━━━ MATERIAL FOR THE TASK

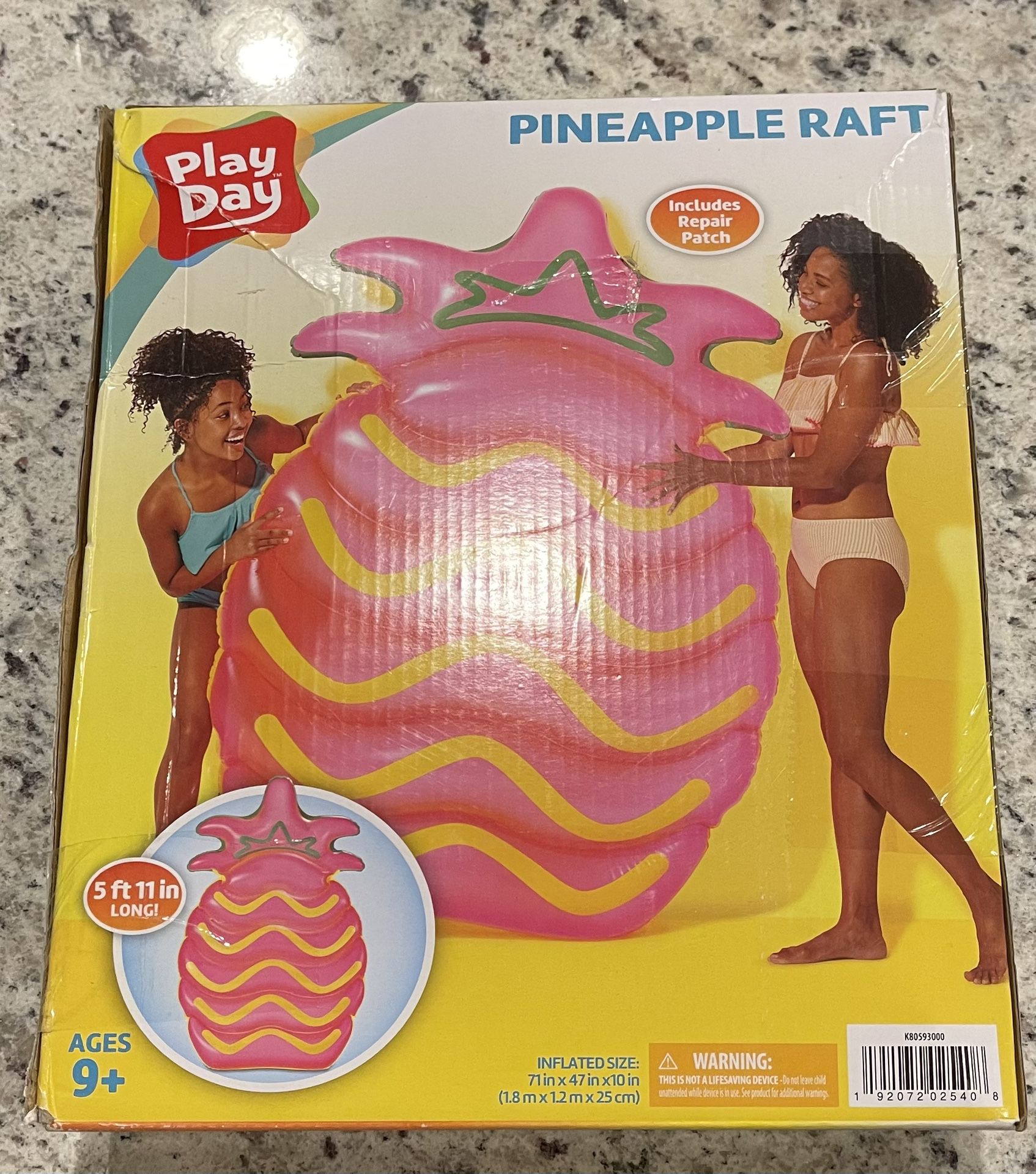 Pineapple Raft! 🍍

━━━━━━
━━━ MATERIAL FOR THE TASK

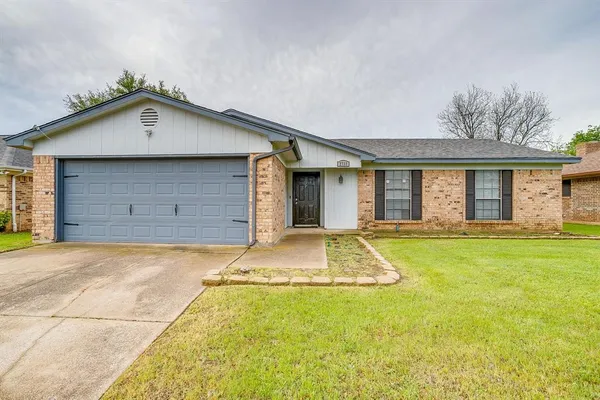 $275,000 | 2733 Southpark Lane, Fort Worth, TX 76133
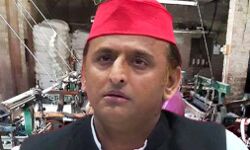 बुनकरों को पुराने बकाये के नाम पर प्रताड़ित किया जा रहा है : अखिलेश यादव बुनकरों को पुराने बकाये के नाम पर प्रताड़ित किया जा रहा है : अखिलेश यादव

━━━━━━
━━━ MATERIAL FOR THE TASK

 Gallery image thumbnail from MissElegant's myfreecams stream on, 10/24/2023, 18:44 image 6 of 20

━━━━━━

**WHAT IS NEEDED**:
Copy everything above from the line holding "Worth, TX 76133" down to the line holding "अखिलेश यादव बुनकरों", both ends included, exactly as it stands and without the pictures.

**ANSWER BELOW**:
 $275,000 | 2733 Southpark Lane, Fort Worth, TX 76133
 बुनकरों को पुराने बकाये के नाम पर प्रताड़ित किया जा रहा है : अखिलेश यादव बुनकरों को पुराने बकाये के नाम पर प्रताड़ित किया जा रहा है : अखिलेश यादव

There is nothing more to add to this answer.